Charles Ishii

Charles Ishii
1st Sergeant
442nd Regimental Combat Team
522nd Field Artillery Battalion, Headquarters Battery

Charles Ishii was born on August 29, 1916, in Orange County, California.  He was the son of Kyutaro and Sada (Nakamura) Ishii.  He had five siblings:  Joe S., Nellie, Rose, Henry, and Sada.  His father arrived in the US in 1902.  Sada Ishii arrived in San Francisco on the S.S. Mongolia on February 4, 1913.  Her husband accompanied her.  They were from the village of Kawakumi, Fukuoka Prefecture, Japan.  They were headed to the town of Talbert, where Kyutaro was a farmer.

In 1920, the Orange County area where the family lived was in Huntington Township and Kyutaro owned his farm.  By 1930, their address was now denoted as Bushard Avenue in the unincorporated town of Talbert in Fountain Valley.  Ten years later the address was the same, but RFD 3 was included.

Charley, as he was called by his family, attended Fountain Valley School, played on the school baseball team, and was an active member of the Cub Scouts and later the Boy Scouts in Talbert.  At his 8th grade graduation in 1930, he was class Salutatorian.  Charles graduated in 1936 from Santa Ana Junior College, where he was a member of Phi Sigma Alpha, the national honor society for junior colleges, and lettered in baseball.  The following year, he played baseball with the Orange County Japanese softball team.  He was also active in the Orange County Chapter of the Japanese American Citizens League.

Ishii signed his draft registration card on October 16, 1940, Local Board No. 172, located at City Hall, Santa Ana, California.  His home address was on RFD 3 in Santa Ana, where he worked.  His point of contact was his brother Joe, also of RFD 3.  He was 5’8” tall and weighed 160 pounds.

On March 14, 1941, Charles was among the 26 draftees who left Santa Fe Station by train for the Los Angeles Induction Center No. 1, where he was mustered into the U.S. Army at 9:30 a.m.  His residence was given as RFD 3 in Santa Ana.  He had attended two years of college and was a farm hand.  He was sent to Camp Roberts, in Monterey and San Luis Obispo Counties, for training, prior to being assigned to C Company, 116th Engineers, 40th Infantry Division at Camp San Luis Obispo.  When the war broke out, he was sent back to southern California.  Charles was next stationed at Post Headquarters, Fort Sam Houston, Texas.

As Ishii said in a later interview, It was so ironic.  Here I was, walking guard duty in North Hollywood Park, not 10 miles away from my father as the crow flies, and I couldn’t help him.  Kyutaro had been taken by the FBI to Tujunga Canyon for questioning concerning his affiliation with a Japanese language school.  He was eventually released.

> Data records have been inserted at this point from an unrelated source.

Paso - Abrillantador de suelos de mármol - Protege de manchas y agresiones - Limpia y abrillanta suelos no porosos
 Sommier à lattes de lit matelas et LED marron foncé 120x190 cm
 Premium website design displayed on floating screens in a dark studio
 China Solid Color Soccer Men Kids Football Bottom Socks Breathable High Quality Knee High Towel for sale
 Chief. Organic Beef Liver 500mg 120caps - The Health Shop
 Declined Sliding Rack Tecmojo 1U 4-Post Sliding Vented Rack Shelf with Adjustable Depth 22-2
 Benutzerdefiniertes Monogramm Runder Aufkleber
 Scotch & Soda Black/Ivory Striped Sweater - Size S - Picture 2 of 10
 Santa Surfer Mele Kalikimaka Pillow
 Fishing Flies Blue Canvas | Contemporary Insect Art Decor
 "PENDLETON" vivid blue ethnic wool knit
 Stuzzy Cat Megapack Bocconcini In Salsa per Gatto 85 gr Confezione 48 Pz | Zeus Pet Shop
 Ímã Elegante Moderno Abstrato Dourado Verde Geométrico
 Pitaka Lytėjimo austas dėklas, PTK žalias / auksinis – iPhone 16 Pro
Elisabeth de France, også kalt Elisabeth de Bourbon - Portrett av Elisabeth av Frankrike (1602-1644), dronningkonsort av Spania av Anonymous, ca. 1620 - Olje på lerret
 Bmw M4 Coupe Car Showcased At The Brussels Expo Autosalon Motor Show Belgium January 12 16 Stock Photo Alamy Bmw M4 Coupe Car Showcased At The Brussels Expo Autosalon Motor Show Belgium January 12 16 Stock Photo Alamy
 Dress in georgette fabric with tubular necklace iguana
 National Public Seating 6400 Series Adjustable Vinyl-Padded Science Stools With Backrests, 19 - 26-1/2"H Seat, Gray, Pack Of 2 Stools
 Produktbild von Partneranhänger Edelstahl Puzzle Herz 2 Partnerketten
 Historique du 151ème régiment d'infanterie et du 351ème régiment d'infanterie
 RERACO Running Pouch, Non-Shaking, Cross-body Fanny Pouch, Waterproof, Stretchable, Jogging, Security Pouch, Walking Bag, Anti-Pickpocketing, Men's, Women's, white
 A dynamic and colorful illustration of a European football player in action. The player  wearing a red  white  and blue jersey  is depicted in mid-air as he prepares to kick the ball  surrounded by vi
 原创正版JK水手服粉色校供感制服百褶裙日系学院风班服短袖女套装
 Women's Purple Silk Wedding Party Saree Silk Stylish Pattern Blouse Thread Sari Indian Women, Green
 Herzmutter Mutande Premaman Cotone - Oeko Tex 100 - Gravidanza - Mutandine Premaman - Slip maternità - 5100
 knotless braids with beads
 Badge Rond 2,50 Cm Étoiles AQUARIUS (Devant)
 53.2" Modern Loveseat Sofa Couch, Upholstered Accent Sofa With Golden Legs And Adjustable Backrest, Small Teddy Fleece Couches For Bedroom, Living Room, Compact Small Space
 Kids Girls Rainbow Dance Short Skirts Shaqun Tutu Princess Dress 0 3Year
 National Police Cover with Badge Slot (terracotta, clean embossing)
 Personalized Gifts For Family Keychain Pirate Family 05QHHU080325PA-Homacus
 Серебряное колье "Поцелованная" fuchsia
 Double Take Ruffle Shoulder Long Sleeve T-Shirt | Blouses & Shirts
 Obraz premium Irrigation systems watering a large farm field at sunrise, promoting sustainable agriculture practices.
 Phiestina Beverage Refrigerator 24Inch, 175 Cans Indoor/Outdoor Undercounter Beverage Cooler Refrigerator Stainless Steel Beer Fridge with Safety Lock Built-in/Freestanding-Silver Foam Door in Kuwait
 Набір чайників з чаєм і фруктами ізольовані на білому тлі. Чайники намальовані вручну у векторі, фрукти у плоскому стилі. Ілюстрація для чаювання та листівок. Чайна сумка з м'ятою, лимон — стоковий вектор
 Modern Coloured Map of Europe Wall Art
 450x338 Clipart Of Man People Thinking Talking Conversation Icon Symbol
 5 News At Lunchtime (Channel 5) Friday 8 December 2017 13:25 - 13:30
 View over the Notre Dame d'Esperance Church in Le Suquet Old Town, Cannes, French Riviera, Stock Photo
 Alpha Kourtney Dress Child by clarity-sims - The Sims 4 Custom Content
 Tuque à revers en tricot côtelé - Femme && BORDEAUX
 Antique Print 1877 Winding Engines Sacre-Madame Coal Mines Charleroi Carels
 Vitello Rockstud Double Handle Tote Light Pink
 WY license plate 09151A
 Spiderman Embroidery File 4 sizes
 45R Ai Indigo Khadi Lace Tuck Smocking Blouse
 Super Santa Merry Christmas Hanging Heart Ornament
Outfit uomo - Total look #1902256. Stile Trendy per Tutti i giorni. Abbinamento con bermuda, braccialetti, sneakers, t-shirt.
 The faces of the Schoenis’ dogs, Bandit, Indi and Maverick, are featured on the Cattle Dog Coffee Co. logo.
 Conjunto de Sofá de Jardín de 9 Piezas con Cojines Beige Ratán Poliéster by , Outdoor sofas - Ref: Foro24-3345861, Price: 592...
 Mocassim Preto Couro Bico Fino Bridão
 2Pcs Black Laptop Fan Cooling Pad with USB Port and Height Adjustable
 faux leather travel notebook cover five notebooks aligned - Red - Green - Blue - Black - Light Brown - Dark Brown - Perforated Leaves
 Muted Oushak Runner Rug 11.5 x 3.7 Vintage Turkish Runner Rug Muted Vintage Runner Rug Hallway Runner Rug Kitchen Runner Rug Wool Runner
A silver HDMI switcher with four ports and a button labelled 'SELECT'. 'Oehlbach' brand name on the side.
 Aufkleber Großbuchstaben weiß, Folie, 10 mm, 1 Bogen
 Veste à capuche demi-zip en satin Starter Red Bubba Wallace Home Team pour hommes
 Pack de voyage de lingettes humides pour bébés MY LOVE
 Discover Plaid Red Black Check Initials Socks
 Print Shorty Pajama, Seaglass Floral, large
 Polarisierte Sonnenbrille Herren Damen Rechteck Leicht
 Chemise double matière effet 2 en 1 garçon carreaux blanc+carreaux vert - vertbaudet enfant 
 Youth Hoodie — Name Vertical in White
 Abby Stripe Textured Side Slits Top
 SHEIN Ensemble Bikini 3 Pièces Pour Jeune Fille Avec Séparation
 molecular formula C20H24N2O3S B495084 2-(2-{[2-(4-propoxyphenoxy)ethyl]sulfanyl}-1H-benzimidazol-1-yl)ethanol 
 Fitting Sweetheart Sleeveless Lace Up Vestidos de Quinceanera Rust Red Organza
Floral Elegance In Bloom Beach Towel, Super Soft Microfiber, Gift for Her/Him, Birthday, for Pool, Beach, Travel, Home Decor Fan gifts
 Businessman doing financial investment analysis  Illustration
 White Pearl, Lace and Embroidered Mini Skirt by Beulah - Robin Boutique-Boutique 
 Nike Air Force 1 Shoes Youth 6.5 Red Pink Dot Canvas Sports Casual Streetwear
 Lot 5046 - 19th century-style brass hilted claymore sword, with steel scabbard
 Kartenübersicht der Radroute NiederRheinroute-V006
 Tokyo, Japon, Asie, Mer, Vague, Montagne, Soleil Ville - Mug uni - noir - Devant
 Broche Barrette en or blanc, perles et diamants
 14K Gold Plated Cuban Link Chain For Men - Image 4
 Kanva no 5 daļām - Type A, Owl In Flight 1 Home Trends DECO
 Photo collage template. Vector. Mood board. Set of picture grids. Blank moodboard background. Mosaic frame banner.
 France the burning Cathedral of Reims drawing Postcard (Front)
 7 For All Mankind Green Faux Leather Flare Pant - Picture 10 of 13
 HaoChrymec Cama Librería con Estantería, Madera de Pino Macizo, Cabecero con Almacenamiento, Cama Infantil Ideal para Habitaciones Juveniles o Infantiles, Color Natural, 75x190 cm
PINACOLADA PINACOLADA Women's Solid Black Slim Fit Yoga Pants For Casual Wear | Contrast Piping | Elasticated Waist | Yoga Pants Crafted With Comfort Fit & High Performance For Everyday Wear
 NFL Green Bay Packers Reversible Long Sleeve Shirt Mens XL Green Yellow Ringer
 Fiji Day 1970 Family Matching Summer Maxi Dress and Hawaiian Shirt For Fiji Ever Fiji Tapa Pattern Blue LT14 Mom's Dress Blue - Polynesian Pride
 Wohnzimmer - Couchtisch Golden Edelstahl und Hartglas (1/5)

On May 17, 1942, Charley’s parents and sister Nellie were incarcerated at Colorado River War Relocation Authority Camp, known as Poston, located near Parker, southwestern Arizona.  Brother Joe and his wife and son entered on May 15; sister Rose entered on May 23.  Joe and family were released on August 2, 1943, to Gill in northern Colorado.  The parents and Rose were released six weeks later on September 18 to Gill.  Nellie was released for employment in Denver on November 3, 1943.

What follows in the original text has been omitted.